Reading of performance counters involves the following steps.

Open a new performance query with pdh_query_open
Add the counters of interest to the query using pdh_add_counter
Periodically retrieve counter values through pdh_query_get
When done, close the query with the combination of pdh_remove_counter (optional) and pdh_query_close

The examples in this chapter use performance counters that are part of the operating system so as to ensure they are present on every system. Many applications, like SQL Server or IIS, provide their own performance counters. These can be tracked in an identical manner.

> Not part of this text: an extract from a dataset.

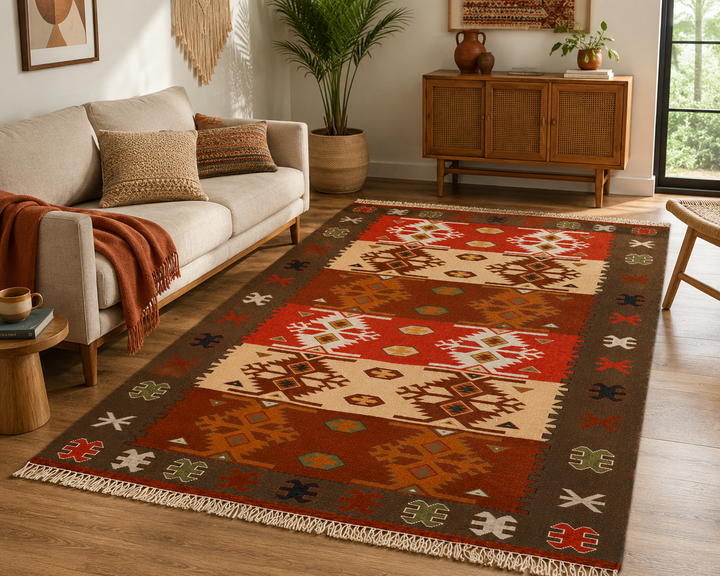 Vintage Muted Handwoven Wool Kilim Rug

4.1. Reading simple counters

To read counter values, a performance query has to be opened with the pdh_query_open command.

% set hquery [pdh_query_open]
→ pdh1

A counter can be added to the query by passing its counter path to the pdh_add_counter command. When adding a counter, we associate it with a name (e.g. freebytes) which serves as a key in the dictionary of values returned by pdh_query_get. This is optional and defaults to the counter path if unspecified.

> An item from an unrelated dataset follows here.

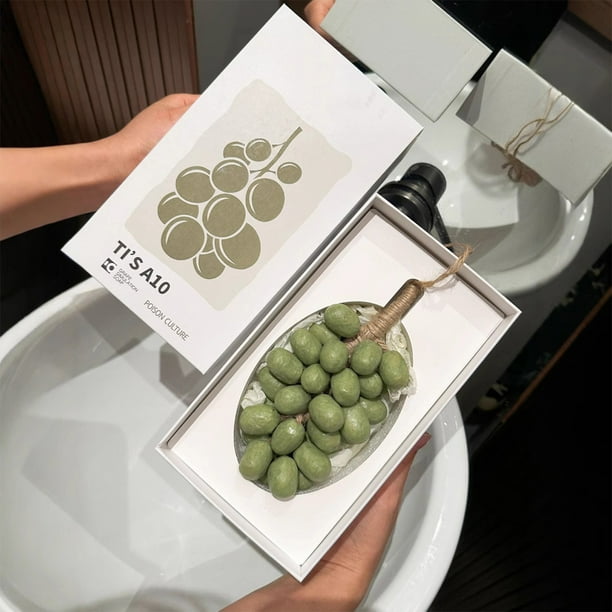 Jabón Artesanal con Forma de Racimos de Uvas de Imitación de Green Tee. Ideal para Regalar. Lava Tu Rostro. Adornos de Baño. Uvas de Jabón.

% pdh_add_counter $hquery [pdh_counter_path Memory "Available Bytes"] -name \
    freebytes
→ 2013954865088 HANDLE

pdh_add_counter returns a handle to the new counter. We ignore it here as it is automatically released when the query is closed. There are specific uses where the handle is needed but these are not covered here. See the TWAPI documentation for details.

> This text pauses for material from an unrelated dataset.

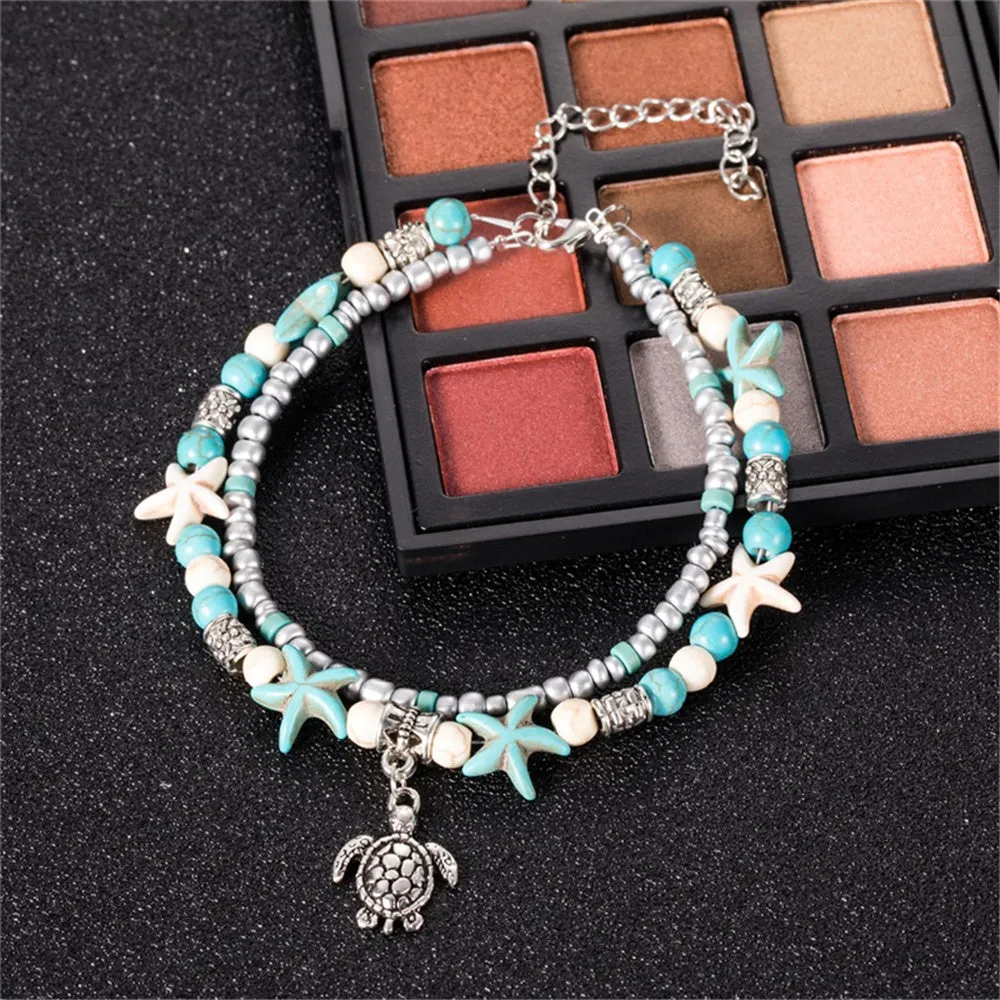 Bohemian Multi Layer Starfish Turtle Beads Anklets For Women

The counter values in the query can be retrieved with pdh_query_get.

% pdh_query_get $hquery
→ freebytes 8061165568

pdh_query_get returns a dictionary containing one or more counter values.

Additional counters can be added at any time.

% pdh_add_counter $hquery [pdh_counter_path System "Processes" -instance _Total] \
    -name processcount
→ 2013954865520 HANDLE
% pdh_query_get $hquery
→ freebytes 8061165568 processcount 295

A subset of the counters can be retrieved by specifying them as additional arguments to the pdh_query_get call.

% pdh_query_get $hquery freebytes
→ freebytes 8061169664

Counters can also be removed at any time from the query.

% pdh_remove_counter $hquery freebytes
% pdh_query_get $hquery
→ processcount 295

When finally done, the query is closed with pdh_query_close to release all resources including the counter handles.

% pdh_query_close $hquery

4.2. Reading complex counters

The example in the previous section only dealt with simple counters which had the following characteristics:

they were simple integers
they represented instantaneous snapshots of some system state
they were scalar quantities

This section describes more complex counters.

Counter types

Counters may be of three numeric types: long, large and double which refer to 32-bit integers, 64-bit integers and floating point values respectively. These types are specified using the -format option to pdh_add_counter and indicate the format in which the counter is retrieved. Note that this is independent of the internal format of how an application maintains the counter so you can retrieve a floating point counter as an integer and vice versa.

Rate based counters

Some counters are not based on snapshots of the system state, but rather are measured over an interval. An example is CPU utilization. Since at least two time separated values are required for a rate based measurement, such counters have additional considerations:

The counters must be first initialized by calling pdh_query_refresh before the first call to read the counters via pdh_query_get.
For sensible measurements, there should be a sufficient interval between consecutive calls that retrieve counter values from the system. These calls include pdh_query_get and pdh_query_refresh. (Microsoft recommends at least one second between calls.)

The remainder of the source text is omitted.